= St. Louis shag =

Swing dance

St. Louis shag is a swing dance that evolved from the Lindy Hop, Collegiate Shag and Charleston. It is a fast, closed position dance that is usually done to stomp, jump, and boogie-woogie music.

St. Louis Shag is a territory swing dance which originated in St. Louis, Missouri in the 1930s. The dance has a stationary 8-count basic that is commonly composed of triple-step, kick, triple-step, kick. Another basic version, popularized by Kenny Wetzel, an East St. Louis native who moved to Southern California in the 1950s, is composed of triple-step, kick, step-stomp, run-run. Eddie Plunkett and Dottie Spokesfield of St.
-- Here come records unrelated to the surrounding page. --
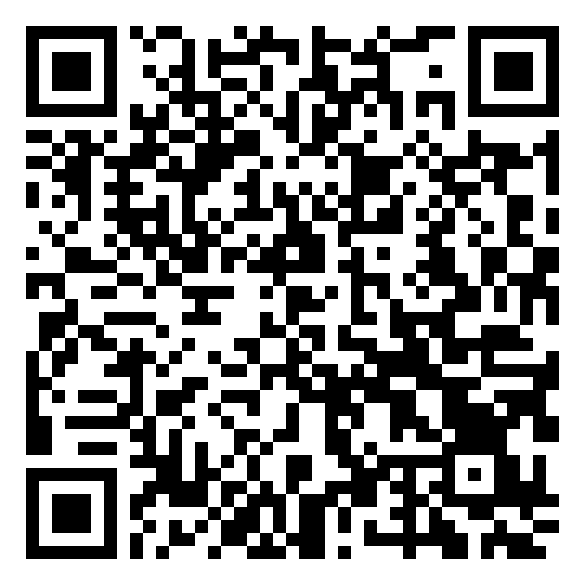 kod QR z danymi kontaktowymi 36477631300000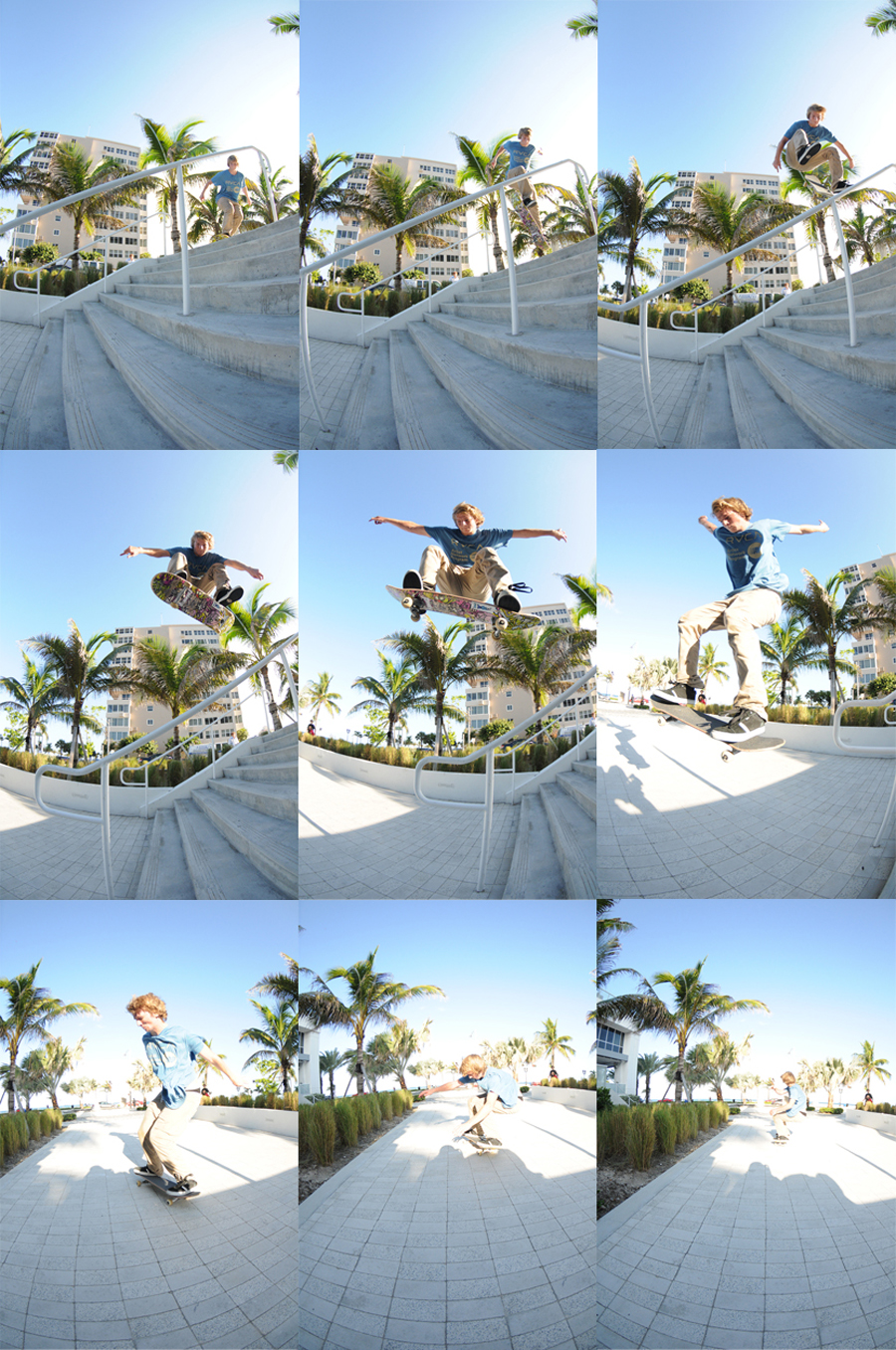 josiah-gatlyn-abd-fsshuv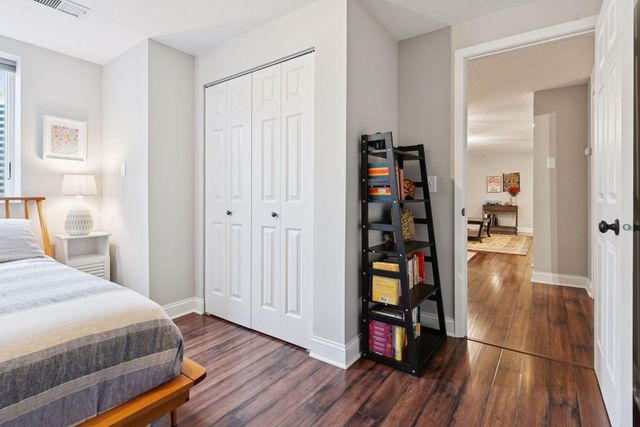 2901 Brunswick Avenue S, Saint Louis Park, MN 55416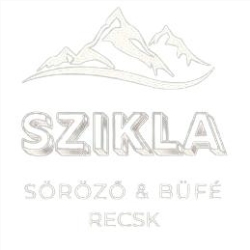 Szikla Söröző & Büfé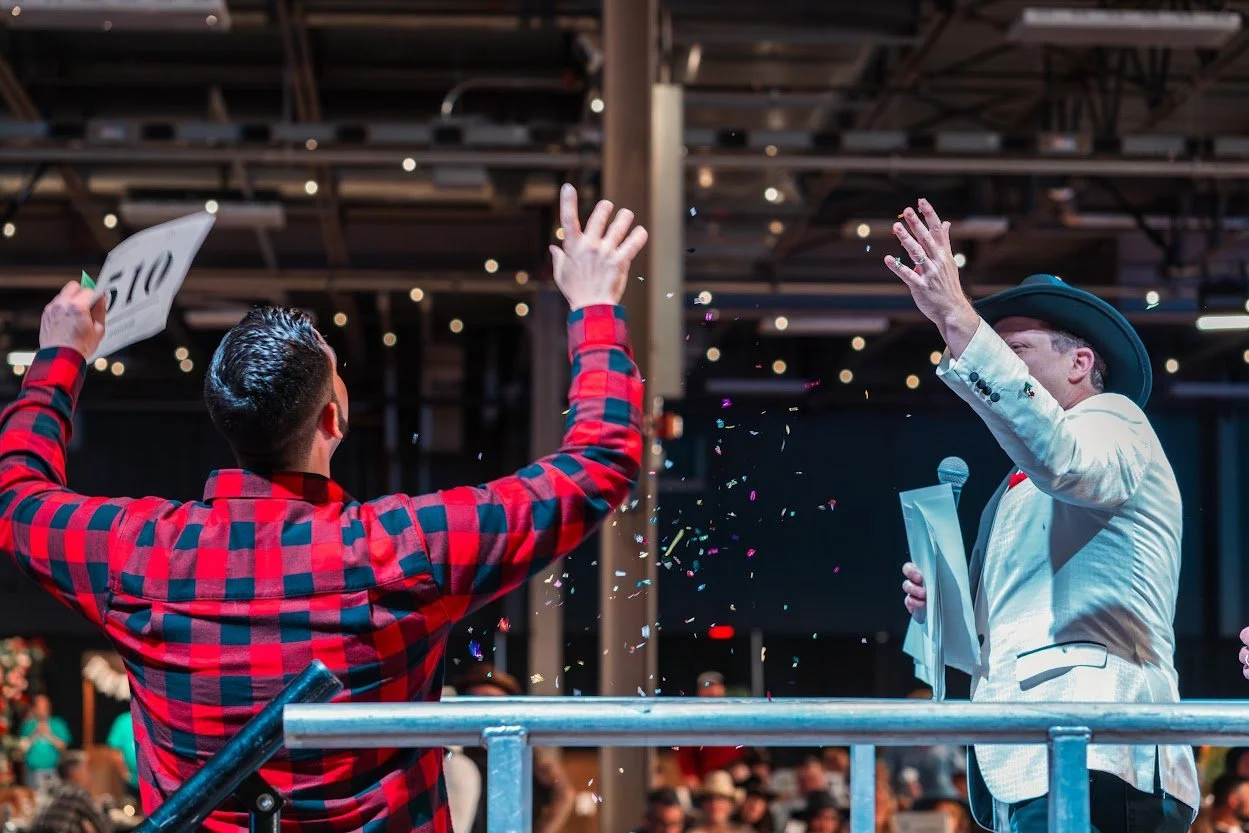 CCA_EventPhotos_2025-20-11 (353 of 509).jpg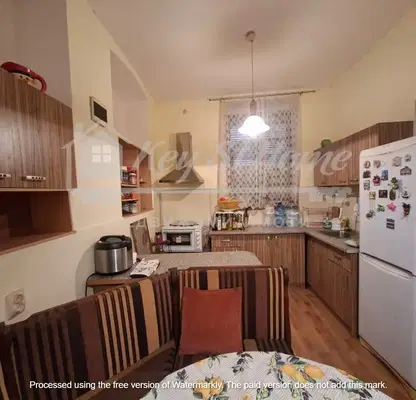 Photo 5 — House in Oblast Stara Zagora, Myglij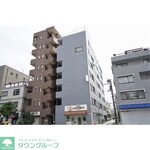 お部屋探しは株式会社　タウンハウジング　までお気軽にお問合…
Louis had another version of the basic composed of triple-step, kick, double kick.

The dance's rhythmic variations include inside crosses (also known as over the tops), fall off the logs, and customizable stomps, kicks, taps, and holds. St. Louis Shag is often done to up-tempo swing, rock and roll, and blues music. Dancers usually transition freely between shag and jitterbug steps.

The Shag has a long history in St. Louis, first in swing, then rock and roll, jazz, jump blues, and R&B, which probably changed the dance's look and feel while preserving its characteristics. Pioneers of St. Louis Shag include 1930s and 40s-era dancers Tommy Russo, Dolores Shy, Virginia Shy, Mike Renda, Joe Renda, Eva Renda, Eddie Plunkett, Dottie Spokesfield, Jim Byrnes, and Lorraine Byrnes. Dancers from the 1950s, '60s, and beyond include Kenny Wetzel, John Bedrosian, Valerie LaFemina, Bob Brooks, and Sylvia Sykes.